Data block:
*****

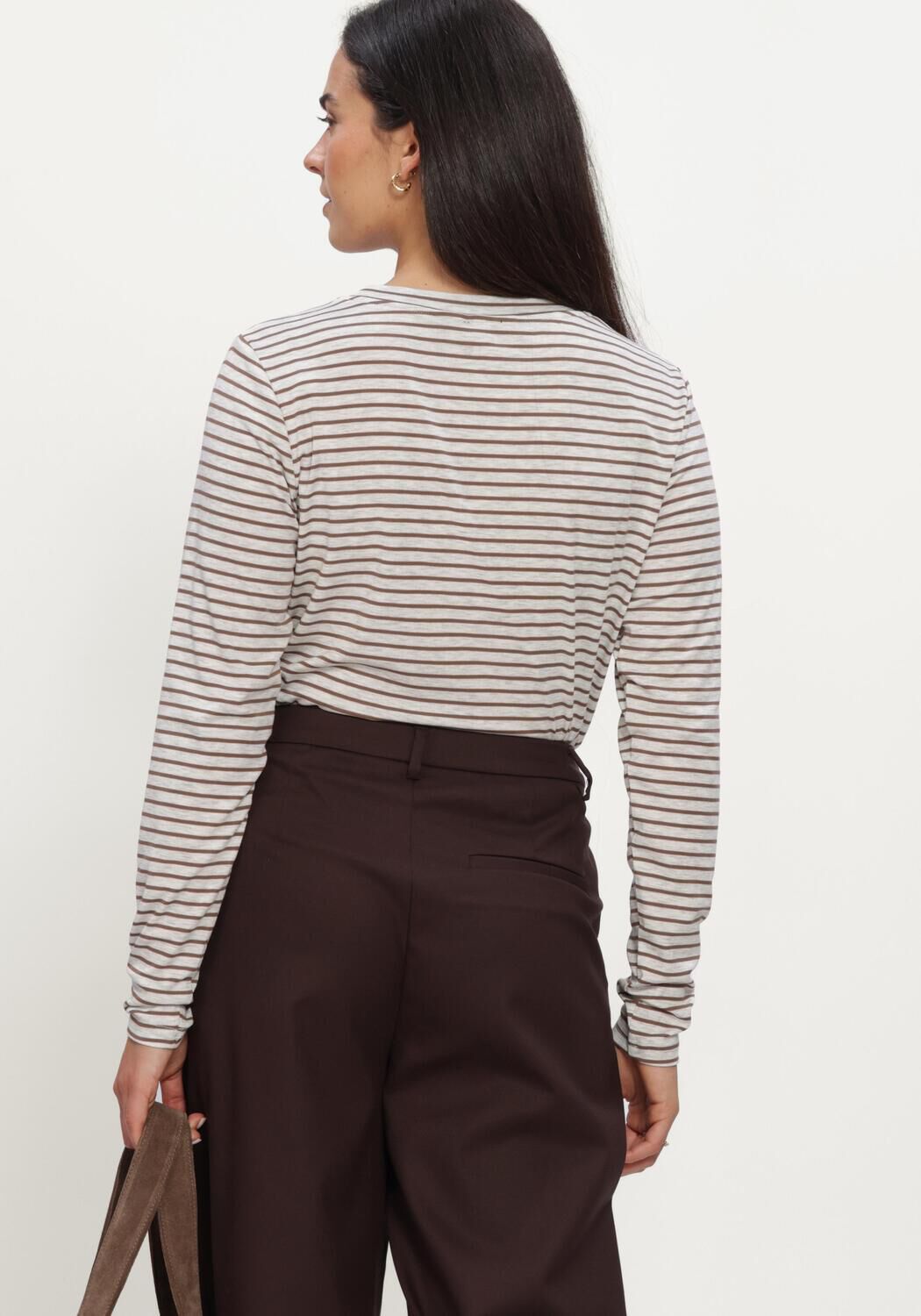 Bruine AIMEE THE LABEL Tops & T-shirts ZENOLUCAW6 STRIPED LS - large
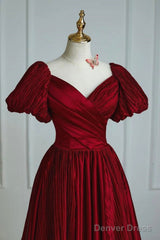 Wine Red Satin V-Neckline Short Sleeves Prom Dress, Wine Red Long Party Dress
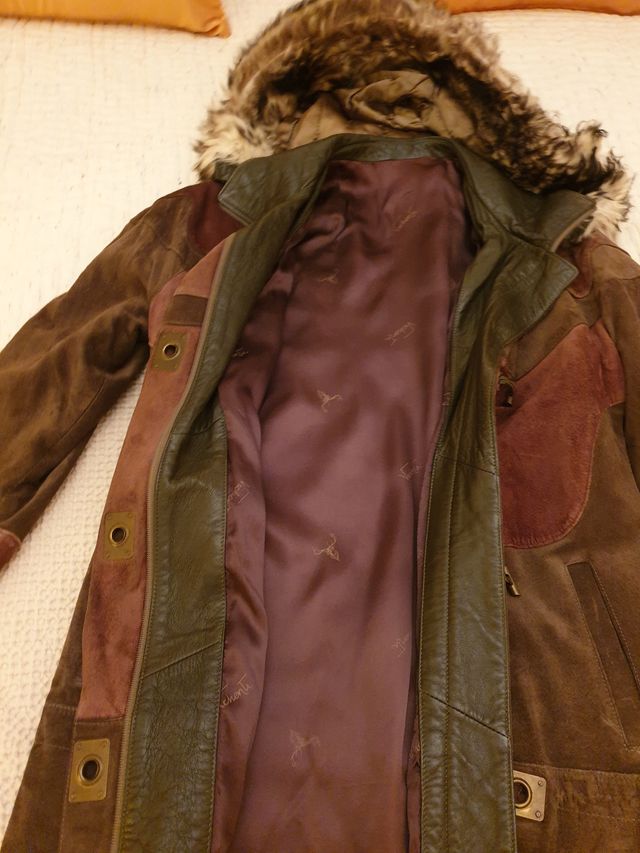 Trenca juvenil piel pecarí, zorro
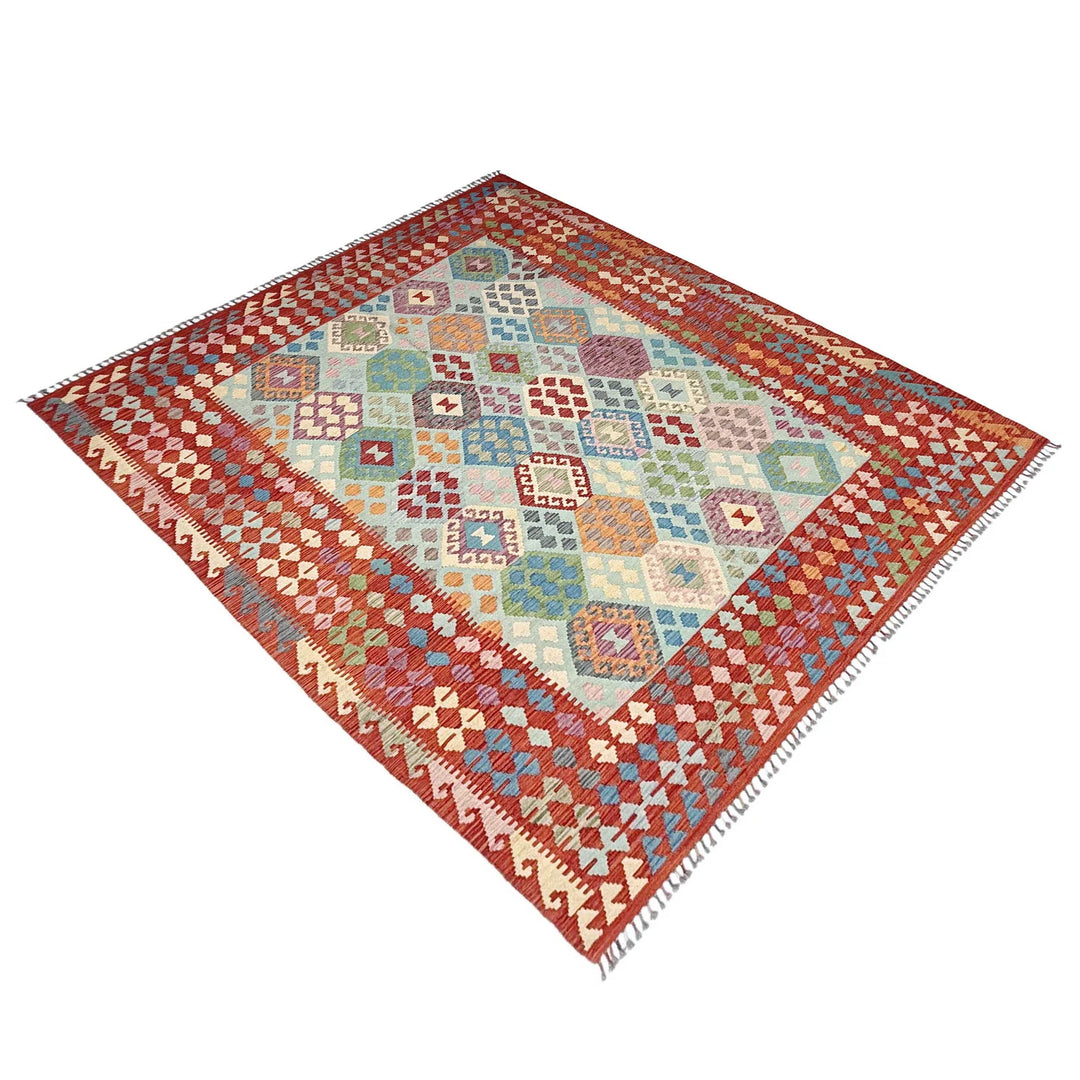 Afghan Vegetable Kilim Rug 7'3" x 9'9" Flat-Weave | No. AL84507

*****

Reproduce the whole listing above word for word, dropping each image.

 Bruine AIMEE THE LABEL Tops & T-shirts ZENOLUCAW6 STRIPED LS - large
 Wine Red Satin V-Neckline Short Sleeves Prom Dress, Wine Red Long Party Dress
 Trenca juvenil piel pecarí, zorro
 Afghan Vegetable Kilim Rug 7'3" x 9'9" Flat-Weave | No. AL84507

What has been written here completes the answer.